Caroline Fielding is the CKG Judge for YLG London and is the librarian at Charlton Park Academy.

Caroline Fielding

Terry Pratchett, who would have turned 70 this year on 28th April, was extremely proud of having won the Carnegie medal in 2001 for The Amazing Maurice and his Educated Rodents and often spoke of his love for libraries and the books and people therein. My dad is his doppelgänger, prompting me to buy him a book with his photo in the back cover sometime in the 90s, sparking a family-wide passion for the Discworld that never waned. My sister and I own more than 150 Pratchett novels between us (he didn’t write that many, we have 3 editions of some titles) and his death hit us all like one of a member of the family. So, I thought it would be appropriate for my blog post this year to be in his memory, and I’ve decided to recommend the shortlisted Carnegie and Kate Greenaway titles to some of his characters*.

*Those of you who don’t know the Discworld may want to look away now**.

**You must rectify this immediately (after reading the CKG shortlists obv).


  • Downspout, the first Gargoyle member of the City Watch, would really savour ‘King of the Sky’…it would definitely make him hungry as he enjoys eating the occasional carrier pigeon.
  • Sergeant Detritus and his paramour Ruby are childless, but I imagine if they did they would feel for their child as Nick’s troll mother does for him in ‘A Song From Somewhere Else’.
  • Lady Sybil Ramkin, the wife of Sam Vimes, would adore the illustrations in ‘Night Shift’ because she understands how difficult it can be to control dragons, and that it is impossible to tame them.
  • ‘Town is by the Sea’ could be the childhood of any of the dwarfs that have moved into the city of Ankh Morpork, or indeed of those that still live in the mines, I’m sure Sergeant Cheery Littlebottom will enjoy it.
  • Sergeant Angua would find ‘Under the Same Sky’ very calming, bringing together her wolf and human sides.
  • Rincewind the Wizzard would probably find ‘A First Book of Animals’ useful in his travels.
  • Reading ‘Thornhill’ would make Susan Sto-Helit (granddaughter of Death and governess) rage over the treatment of those girls.
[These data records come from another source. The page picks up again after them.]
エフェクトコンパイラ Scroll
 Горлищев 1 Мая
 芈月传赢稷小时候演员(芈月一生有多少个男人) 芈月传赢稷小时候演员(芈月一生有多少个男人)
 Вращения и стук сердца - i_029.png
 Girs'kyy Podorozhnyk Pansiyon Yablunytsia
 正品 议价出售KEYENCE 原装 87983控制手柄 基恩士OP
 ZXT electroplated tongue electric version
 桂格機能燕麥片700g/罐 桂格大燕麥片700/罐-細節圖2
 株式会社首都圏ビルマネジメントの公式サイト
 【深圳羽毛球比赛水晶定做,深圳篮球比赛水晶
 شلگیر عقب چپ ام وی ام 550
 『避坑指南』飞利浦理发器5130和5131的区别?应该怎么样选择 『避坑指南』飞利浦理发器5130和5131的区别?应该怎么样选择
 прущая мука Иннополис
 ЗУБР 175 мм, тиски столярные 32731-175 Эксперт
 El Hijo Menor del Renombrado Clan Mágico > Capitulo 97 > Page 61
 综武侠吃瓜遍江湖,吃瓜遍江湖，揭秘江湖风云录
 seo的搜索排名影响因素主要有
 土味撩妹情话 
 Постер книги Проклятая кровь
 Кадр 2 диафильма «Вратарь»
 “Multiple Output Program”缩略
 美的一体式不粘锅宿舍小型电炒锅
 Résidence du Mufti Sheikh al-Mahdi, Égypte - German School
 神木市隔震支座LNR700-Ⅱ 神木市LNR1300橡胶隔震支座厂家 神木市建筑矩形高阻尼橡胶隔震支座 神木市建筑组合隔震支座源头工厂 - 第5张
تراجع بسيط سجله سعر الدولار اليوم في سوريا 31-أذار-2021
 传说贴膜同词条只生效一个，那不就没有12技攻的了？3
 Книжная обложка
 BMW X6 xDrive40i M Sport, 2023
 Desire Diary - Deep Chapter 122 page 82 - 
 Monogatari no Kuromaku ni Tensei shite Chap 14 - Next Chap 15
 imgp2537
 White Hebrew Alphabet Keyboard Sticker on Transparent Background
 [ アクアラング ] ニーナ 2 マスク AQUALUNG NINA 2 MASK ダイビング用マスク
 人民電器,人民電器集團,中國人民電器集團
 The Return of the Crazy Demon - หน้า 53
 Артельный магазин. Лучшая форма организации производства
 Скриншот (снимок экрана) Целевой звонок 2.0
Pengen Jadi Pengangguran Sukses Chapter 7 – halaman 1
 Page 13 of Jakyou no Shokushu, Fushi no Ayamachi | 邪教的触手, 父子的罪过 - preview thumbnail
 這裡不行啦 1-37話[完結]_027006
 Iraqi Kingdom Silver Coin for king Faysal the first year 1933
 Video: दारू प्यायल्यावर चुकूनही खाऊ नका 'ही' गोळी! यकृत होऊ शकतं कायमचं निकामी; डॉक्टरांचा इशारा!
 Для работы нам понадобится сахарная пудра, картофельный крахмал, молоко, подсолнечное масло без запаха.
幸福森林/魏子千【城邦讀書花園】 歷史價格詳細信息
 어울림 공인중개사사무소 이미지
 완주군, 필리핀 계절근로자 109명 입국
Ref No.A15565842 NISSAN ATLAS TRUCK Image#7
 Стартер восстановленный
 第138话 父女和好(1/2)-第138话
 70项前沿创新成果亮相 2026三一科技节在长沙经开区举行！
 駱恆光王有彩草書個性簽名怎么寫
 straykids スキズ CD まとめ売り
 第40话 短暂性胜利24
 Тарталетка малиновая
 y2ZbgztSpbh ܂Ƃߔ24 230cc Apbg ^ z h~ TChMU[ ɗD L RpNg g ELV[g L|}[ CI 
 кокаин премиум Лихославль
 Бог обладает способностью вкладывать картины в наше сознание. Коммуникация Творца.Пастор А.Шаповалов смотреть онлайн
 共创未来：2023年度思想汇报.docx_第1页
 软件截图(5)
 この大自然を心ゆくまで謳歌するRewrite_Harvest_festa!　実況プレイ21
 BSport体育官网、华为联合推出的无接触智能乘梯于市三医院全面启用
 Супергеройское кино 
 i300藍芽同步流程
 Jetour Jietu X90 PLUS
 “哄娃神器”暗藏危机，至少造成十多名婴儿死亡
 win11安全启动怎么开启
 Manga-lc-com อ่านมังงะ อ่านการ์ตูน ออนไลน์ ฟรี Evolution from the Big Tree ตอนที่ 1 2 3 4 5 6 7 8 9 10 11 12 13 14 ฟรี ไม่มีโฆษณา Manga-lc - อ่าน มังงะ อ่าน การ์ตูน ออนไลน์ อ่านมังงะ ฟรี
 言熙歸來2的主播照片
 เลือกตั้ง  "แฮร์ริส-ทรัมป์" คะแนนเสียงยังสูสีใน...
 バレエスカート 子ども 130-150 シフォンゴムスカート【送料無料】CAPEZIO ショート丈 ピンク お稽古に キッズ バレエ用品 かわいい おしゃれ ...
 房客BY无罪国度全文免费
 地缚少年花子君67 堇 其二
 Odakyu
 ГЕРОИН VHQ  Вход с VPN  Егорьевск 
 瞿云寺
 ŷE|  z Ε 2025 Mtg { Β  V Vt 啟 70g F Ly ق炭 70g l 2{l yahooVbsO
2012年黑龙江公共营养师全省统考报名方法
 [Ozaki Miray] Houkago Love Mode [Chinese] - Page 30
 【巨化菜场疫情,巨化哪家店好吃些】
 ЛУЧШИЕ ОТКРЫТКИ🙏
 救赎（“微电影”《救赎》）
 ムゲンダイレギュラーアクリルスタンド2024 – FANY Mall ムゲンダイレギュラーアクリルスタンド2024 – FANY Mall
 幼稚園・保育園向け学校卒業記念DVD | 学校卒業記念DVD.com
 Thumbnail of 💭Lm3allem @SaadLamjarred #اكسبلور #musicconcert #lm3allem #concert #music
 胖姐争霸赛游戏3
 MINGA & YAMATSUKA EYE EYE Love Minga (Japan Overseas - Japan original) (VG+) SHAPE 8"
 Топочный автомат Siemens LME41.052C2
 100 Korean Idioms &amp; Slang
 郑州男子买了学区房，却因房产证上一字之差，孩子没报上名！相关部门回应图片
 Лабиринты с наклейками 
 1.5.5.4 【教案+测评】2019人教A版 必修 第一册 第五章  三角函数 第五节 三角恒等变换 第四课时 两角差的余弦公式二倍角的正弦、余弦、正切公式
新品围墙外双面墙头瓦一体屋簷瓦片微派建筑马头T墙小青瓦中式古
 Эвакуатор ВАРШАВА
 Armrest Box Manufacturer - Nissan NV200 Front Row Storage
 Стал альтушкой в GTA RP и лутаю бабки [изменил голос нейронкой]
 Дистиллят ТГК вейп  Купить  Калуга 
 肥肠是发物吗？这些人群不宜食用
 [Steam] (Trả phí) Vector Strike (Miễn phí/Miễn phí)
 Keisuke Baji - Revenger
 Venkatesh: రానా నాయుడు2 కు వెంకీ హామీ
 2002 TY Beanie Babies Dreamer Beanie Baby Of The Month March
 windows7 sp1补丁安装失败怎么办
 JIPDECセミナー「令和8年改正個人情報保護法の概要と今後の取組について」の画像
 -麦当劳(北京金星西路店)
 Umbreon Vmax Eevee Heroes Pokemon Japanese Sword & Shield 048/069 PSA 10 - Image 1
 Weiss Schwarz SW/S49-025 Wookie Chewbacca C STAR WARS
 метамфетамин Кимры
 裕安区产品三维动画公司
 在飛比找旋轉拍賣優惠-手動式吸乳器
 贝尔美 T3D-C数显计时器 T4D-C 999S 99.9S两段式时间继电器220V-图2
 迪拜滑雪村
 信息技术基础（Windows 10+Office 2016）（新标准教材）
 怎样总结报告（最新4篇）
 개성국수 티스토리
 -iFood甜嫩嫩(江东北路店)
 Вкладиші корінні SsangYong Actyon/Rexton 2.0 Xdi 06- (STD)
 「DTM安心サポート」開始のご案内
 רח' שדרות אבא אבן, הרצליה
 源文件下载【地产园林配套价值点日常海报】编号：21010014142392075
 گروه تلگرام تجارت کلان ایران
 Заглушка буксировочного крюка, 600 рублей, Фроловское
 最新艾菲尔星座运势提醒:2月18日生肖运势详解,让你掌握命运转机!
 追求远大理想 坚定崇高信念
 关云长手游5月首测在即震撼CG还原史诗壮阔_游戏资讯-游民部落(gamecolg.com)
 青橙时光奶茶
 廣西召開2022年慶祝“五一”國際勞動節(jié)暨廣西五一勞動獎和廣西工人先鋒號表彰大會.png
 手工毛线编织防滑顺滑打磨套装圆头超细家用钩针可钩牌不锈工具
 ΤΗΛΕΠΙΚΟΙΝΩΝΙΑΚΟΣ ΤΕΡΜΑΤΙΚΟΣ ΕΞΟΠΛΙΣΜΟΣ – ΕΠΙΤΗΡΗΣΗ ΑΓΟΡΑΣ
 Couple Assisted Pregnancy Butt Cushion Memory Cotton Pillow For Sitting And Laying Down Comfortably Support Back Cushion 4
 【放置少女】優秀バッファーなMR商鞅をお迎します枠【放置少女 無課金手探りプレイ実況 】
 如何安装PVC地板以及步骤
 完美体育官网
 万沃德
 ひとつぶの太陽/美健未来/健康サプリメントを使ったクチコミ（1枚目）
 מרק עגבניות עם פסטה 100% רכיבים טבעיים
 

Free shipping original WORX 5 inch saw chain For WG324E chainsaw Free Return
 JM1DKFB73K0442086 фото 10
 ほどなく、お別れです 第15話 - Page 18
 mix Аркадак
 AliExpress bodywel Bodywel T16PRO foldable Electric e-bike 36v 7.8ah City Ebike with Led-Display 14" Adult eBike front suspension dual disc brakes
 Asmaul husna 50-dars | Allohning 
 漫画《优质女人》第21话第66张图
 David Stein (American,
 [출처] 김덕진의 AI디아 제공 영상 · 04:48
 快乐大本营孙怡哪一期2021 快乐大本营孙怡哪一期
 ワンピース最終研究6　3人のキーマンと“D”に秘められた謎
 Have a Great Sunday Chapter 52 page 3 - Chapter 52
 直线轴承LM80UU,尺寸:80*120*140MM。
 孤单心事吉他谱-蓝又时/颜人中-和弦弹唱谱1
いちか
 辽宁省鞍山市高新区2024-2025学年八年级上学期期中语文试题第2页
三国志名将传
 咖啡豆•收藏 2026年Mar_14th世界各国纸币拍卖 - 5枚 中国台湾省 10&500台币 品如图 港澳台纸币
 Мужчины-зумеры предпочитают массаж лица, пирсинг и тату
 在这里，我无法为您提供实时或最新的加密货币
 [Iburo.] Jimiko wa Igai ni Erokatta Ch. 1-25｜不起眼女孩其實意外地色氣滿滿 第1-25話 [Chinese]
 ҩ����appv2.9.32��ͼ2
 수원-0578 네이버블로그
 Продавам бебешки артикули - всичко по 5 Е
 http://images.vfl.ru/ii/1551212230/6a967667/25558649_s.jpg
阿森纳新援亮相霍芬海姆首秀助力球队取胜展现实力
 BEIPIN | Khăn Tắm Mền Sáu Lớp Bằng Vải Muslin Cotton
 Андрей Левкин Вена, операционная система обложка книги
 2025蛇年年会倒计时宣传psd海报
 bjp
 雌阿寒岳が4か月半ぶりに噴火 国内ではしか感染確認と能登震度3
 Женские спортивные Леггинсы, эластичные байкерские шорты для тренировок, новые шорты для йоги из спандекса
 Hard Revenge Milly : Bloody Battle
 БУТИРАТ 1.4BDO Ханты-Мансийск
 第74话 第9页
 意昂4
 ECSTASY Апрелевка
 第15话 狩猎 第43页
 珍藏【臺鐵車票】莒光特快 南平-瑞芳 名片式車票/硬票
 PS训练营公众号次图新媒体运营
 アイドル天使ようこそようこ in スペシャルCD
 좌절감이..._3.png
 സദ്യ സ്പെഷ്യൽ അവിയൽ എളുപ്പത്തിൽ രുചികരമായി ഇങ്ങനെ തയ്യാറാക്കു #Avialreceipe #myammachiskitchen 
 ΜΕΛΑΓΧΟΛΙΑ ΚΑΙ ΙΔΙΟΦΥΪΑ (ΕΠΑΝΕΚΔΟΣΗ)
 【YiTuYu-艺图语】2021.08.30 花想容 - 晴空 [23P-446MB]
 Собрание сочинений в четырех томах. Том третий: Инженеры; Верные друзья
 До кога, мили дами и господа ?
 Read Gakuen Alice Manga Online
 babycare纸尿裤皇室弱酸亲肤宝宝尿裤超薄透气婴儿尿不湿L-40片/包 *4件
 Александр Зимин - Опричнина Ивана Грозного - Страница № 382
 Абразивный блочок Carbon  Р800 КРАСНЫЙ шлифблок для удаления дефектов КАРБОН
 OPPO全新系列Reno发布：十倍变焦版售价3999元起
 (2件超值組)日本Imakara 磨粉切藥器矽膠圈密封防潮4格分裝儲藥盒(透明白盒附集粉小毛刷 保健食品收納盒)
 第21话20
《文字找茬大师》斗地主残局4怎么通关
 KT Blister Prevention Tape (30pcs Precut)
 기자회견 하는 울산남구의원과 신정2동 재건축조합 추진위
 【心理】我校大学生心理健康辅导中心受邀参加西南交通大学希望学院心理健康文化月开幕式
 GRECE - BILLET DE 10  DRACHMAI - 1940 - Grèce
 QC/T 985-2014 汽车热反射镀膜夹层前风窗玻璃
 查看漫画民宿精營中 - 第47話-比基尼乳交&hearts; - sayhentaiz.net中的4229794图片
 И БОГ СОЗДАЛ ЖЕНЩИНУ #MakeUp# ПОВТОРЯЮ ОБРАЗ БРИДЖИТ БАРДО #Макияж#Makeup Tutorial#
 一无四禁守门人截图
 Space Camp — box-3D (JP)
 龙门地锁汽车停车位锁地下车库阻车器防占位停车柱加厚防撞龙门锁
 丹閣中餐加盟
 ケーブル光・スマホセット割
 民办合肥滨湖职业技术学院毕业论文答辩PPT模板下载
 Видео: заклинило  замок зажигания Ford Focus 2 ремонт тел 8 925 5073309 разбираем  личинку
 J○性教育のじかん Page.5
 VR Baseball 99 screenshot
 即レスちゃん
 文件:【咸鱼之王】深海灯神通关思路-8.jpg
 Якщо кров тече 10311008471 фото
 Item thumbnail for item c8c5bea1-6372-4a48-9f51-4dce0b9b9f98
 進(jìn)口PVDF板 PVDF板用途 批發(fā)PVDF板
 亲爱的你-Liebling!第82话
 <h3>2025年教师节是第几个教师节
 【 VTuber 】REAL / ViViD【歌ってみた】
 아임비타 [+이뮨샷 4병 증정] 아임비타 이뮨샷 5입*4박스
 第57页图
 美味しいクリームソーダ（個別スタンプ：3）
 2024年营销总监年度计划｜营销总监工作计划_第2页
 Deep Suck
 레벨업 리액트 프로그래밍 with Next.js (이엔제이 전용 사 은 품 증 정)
  • Constable Visit (full name Visit-The-Infidel-With-Explanatory-Pamphlets) from the City Watch hopefully wouldn’t go as far as Father John in ‘After the Fire’, but would probably approve of some of the rules.
  • Commander Sam Vimes, on the other hand, would be raising his fist in support of Starr, the strong protagonist of ‘The Hate You Give’, as she draws attention to the inequalities in society.
  • ‘Wed Wabbit’ would probably secretly amuse Drumknott, the Patrician’s secretary, who would probably relate strongly to the Greys.
  • ‘Rook’ would definitely hook Quoth the Raven, as would ‘Where the World Ends’. It is important to see yourself in stories, even if the Death of Rats is hovering over your shoulder waiting to see if the birds die…
  • Captain Carrot has things in common with Crow from ‘Beyond the Bright Sea’, with no memory of where he came from, but rumours that he may be descended from royalty are never confirmed while Crow’s heritage becomes clearer.
  • Not an Ankh Morpork resident, but ‘Saint Death’ would definitely interest The Lady, “The One who will desert you when you need Her the most – and sometimes She might not…“, the most powerful goddess on the Disc. But would she help Arturo?
  • Finally, another non-resident is the Queen of the Elves, ruler of Fairyland, who would be very scathing of the Queen that gets herself caught up in human affairs in ‘Release’.